Here's a picture of the string job. Go here and click on "All sizes" to see the full size picture.
http://www.flickr.com/photos/gfdoto/266703690/

the racket looks like it was indeed strung 1 piece, when it's recommended that the stringer use 2 piece stringing. the reason for this is that when you string it traditionally, the crosses start at the throat, and stringing the crosses from bottom up isnt good for the racket since it can break the racket. however, to prevent this, some stringers still use 1 piece but a method called ATW (i think it stands for around the world?). the ATW 1 piece method allows the stringer to string w/ one piece of string while still stringing the crosses top down...if this is the case w/ your rds001 mid, it's fine, but if it's not, then i'd cut it out.

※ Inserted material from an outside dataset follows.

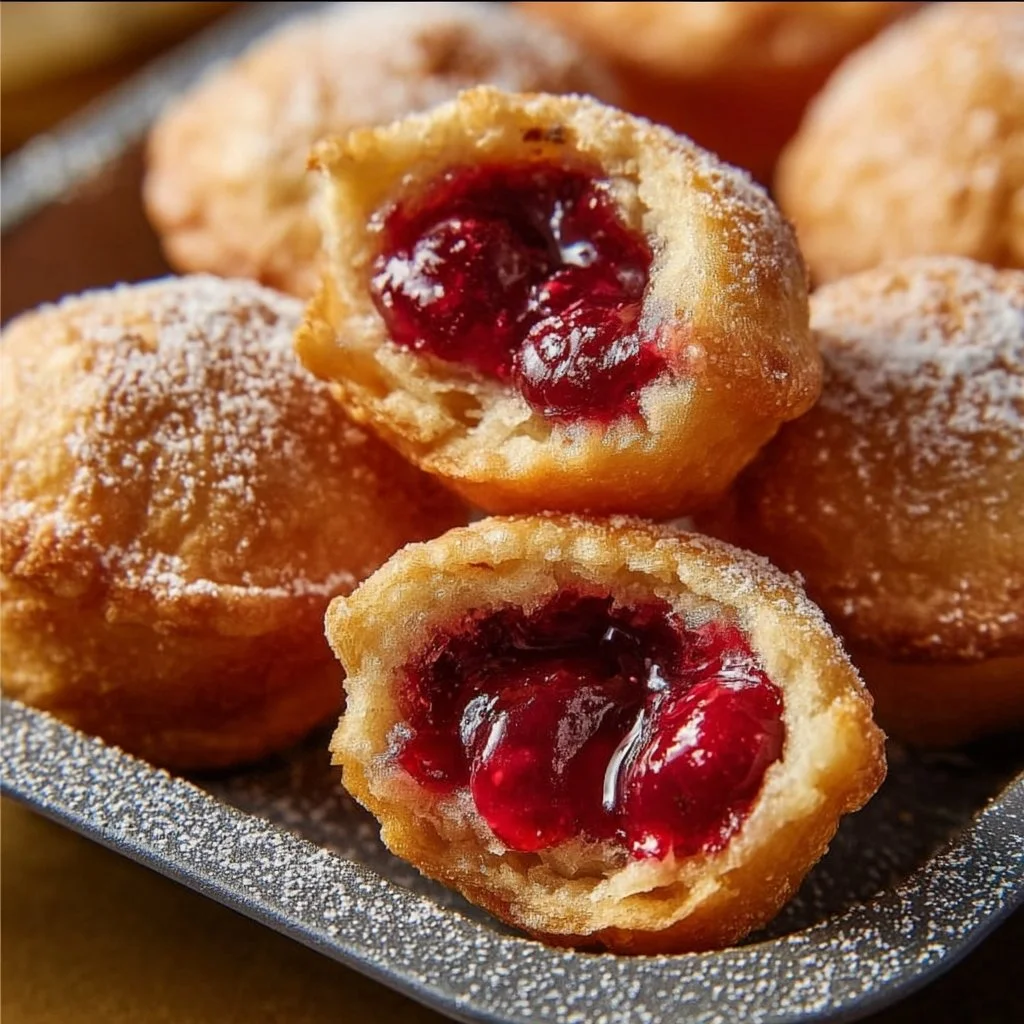 Delicious cherry pie bites served on a plate with a cherry garnish.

i've never strung a racket ATW because im fine w/ using 2 pieces of string, so if you want to know whether or not your racket was strung ATW, you should ask the more established stringers on this board like diredesire.

hope this helps you a little bit.

gfdoto
10-10-2006, 10:38 PM
Now you have me worried. Can any experts chime in on this?

godot
10-10-2006, 11:40 PM
What's your tension? I incorrectly strung my RDS 001 MP at 50lbs one piece and there is no problem. But next time, I will do 2 pieces.

Fishbulb
10-11-2006, 02:16 AM
I would suggest restringing. Supposed to be 2 Piece stringing


http://www.yonexusa.com/images/tennis/String_Inst_rds001.jpg

Ripper
10-11-2006, 05:22 AM
Now you have me worried. Can any experts chime in on this?

What's your tension? I incorrectly strung my RDS 001 MP at 50lbs one piece and there is no problem. But next time, I will do 2 pieces.

gfdoto and godot, it's funny how similar your usernames are... Anyway, gfdoto, godot is right, what's done is done. The raquet should be strung 2 piece, but it was strung 1 piece. You can't go back in time. So, don't freak out. Had it have broken, it would have been a problem, but it didn't. Just do it 2 piece the next time.

Edit: Both of you use the same frames and both have them, incorrectly, strung 1 piece... Funny...

Richie Rich
10-11-2006, 05:31 AM
an easy way to tell if your racquet is strung ATW properly is look at the last main. one of the last (most outer) mains will have to be started from the bottom cross. also, since you have 18 crosses, the last main will have to be used to tie off the knot at the top of the frame. this is pretty easy to see. if this is the case your racquet was strung correctly and will not harm the frame.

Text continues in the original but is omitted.